A Break Away Cycling League?

I read on Bloomberg today about the break away league that is being created to compete with the UCI. It is being reported that a group of investors and leading managers in cycling have come together to put on a series that would split profits with the teams. They are working for this so that cycling teams are not so dependent on major sponsorship. Just this year the best team in the world HTC Highroad was disbanded because HTC, the maker of mobile phones, decided they wanted to go in another direction with their advertising budget.

The new league hopes to emulate the formula of american sports like the NBA, or NFL, maybe even the Euro soccer leagues. The president of the UCI, Pat McQuaid said last year that the group would fail in trying to fit cycling into this "box". There are no stadiums for screaming fans, and filming cycling races can be hard. The action is very hard to predict, and you can go through hours of coverage without anything really happening.

I think that if this group of people hadn't thought of that already and had an idea of how to overcome that obstacle then yes it is doomed to fail. I don't necessarily think that this is a home run sure thing. But I can't see why it would be bad to try.

Why is this happening? There are a lot of reasons really, and I think that I am still too new to the sport to know all of them. But the final straw might have been the ban of race radios that the UCI has enacted, in an effort to make racing more exciting for the fans. There are many people out there that are on both sides of this issue, the riders and teams say it is a safety issue.
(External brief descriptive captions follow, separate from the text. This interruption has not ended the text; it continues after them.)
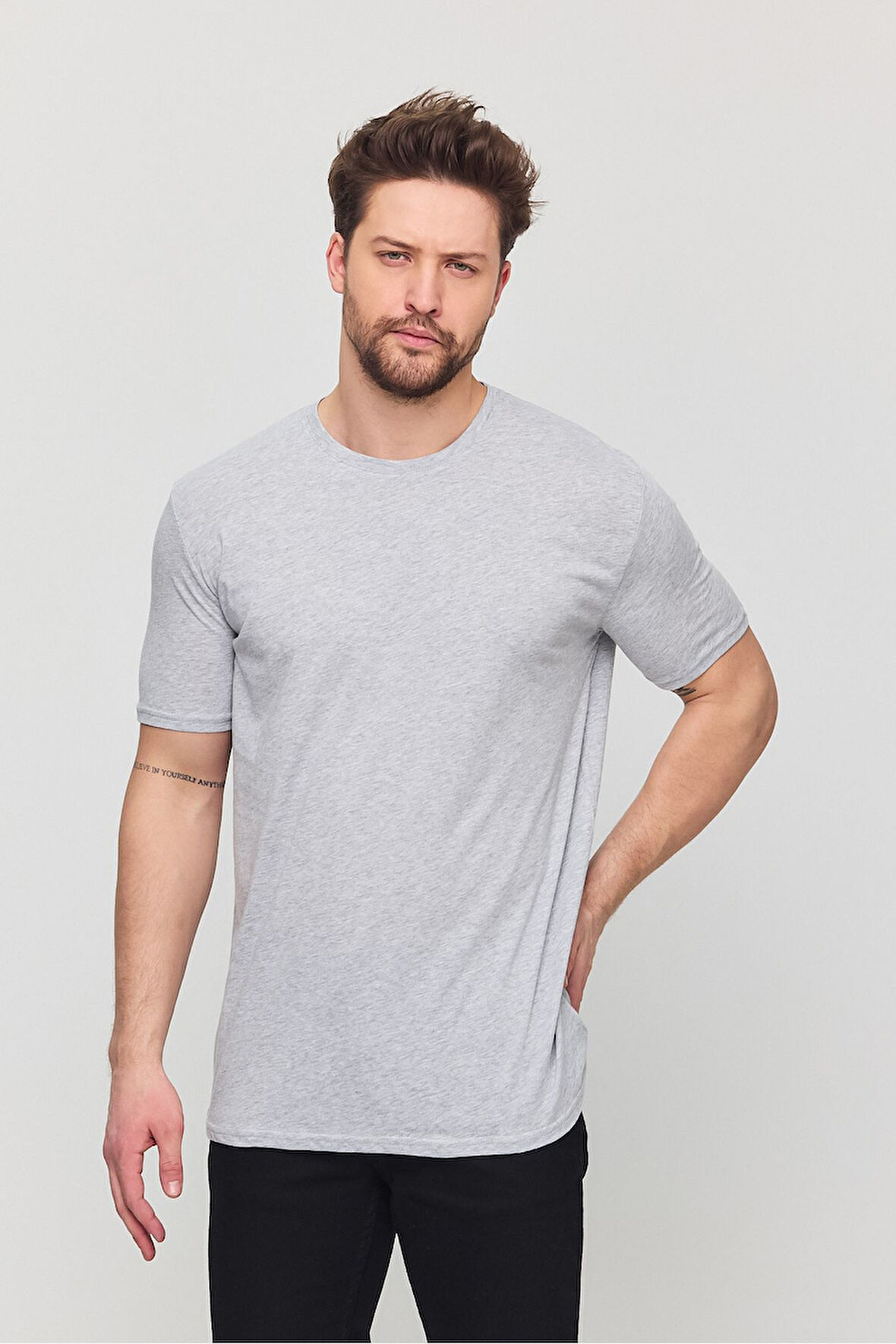 LİKRALI PAMUK  BİSİKLET  YAKA  TİŞÖRT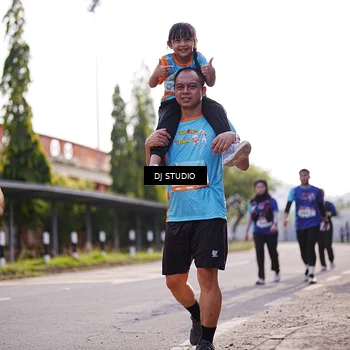 Runner Photo 8385422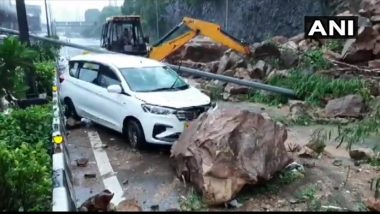 Landslide at Western Express Highway Video: मुंबई में भारी बारिश से भूस्खलन, वेस्टर्न एक्सप्रेस हाईवे पर आया कई टन मलबा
The riders claim that they need the radios to know when there are dangerous roads, a rider down, or anything else that could make their dangerous jobs safer. The UCI claims that the riders have just become robots and pawns moved around the "board" by a mastermind team director. They no longer think for themselves, and there might be something to that when you watch last year's Liege Bastogne Liege and watch Frank and Andy Schleck do absolutely nothing to beat Philip Gilbert. They claimed he was too strong, but they didn't really even seem to try. Did they not try because they were too tired, or because they didn't know what to do? I think the later. The UCI create arbitrary rules without the census of the riders, teams, companies, or anyone else under their rule. They quash anything that might seem too different, Graham Obree being the first that comes to mind.The race radio debate, and Graham Obree are a side track to what I am talking about though.

I think that the UCI is very afraid of this league. Why wouldn't they be.....? They are a huge juggernaut of an organization. At the top are men with a great deal of power, but have in my opinion, lost site of those they govern. Their stubbornness for the status quo, and inability to change could create havoc for the UCI. And for men who have worked long and hard to amass such power it can be a scary thing to think about losing it. It will take a Grand Tour like the Tour de France to plunge the dagger deep into the UCI's heart, but so far that has not happend. That might be the UCI's saving grace, and another complaint of the team's. The large races share none of their profits with the teams, and in the new league they would have to. This will show who really needs who however.

So how would a new league make anything better? Competition. Competition requires you to improve or die. If it is found that this new league is somehow better than the UCI they will, in the end, win. But if the UCI sees where their weakness' are and fix them before too many teams jump ship they may be able to hold on. In both cases things could get better for the riders. Competition doesn't always make things better, sometimes it can squeeze out the little guy.

It seems that this is how governing bodies are created though. The UCI is not the first group that has been in charge of cycling, it is just the latest. Just like in the USA, we have gone though a few different governing bodies before we landed on the USAC. Each time it is the riders that have had to make the hard choice of choosing who to support. Generally you have had to choose just one, any contact with the other organization would cause you to be banned from any competition hosted by the other. For a country like the USA that outlaws monopolies this seems like a strange thing. At first this new league will probably be a great change for the riders, teams, and owners. Then if the money starts coming in they will turn into the new UCI. Making sure all the money flows to certain groups. The riders might create their own unions to argue on their behalf, and we in the USA have all seen how that goes this last year with the NFL and the lockout.

I believe that this is a step that has to be taken. Not only because of the radios, I really don't care too much about that. Really I can't even tell what races they wear them in and the ones they don't anyways. But change is good. When people get too stuck in their ways things tend to start going bad. It always takes someone to come along and stir shit up to get things back on track. I don't know if this league will be the silver bullet that will save profesional cycling and bring it into the same league as US football, soccer, baseball, Formula 1, and other major international sports. But it is worth a try....why not?

The UCI gets it's power from the IOC who controls the Olympics. You control the Olympics you control athletics.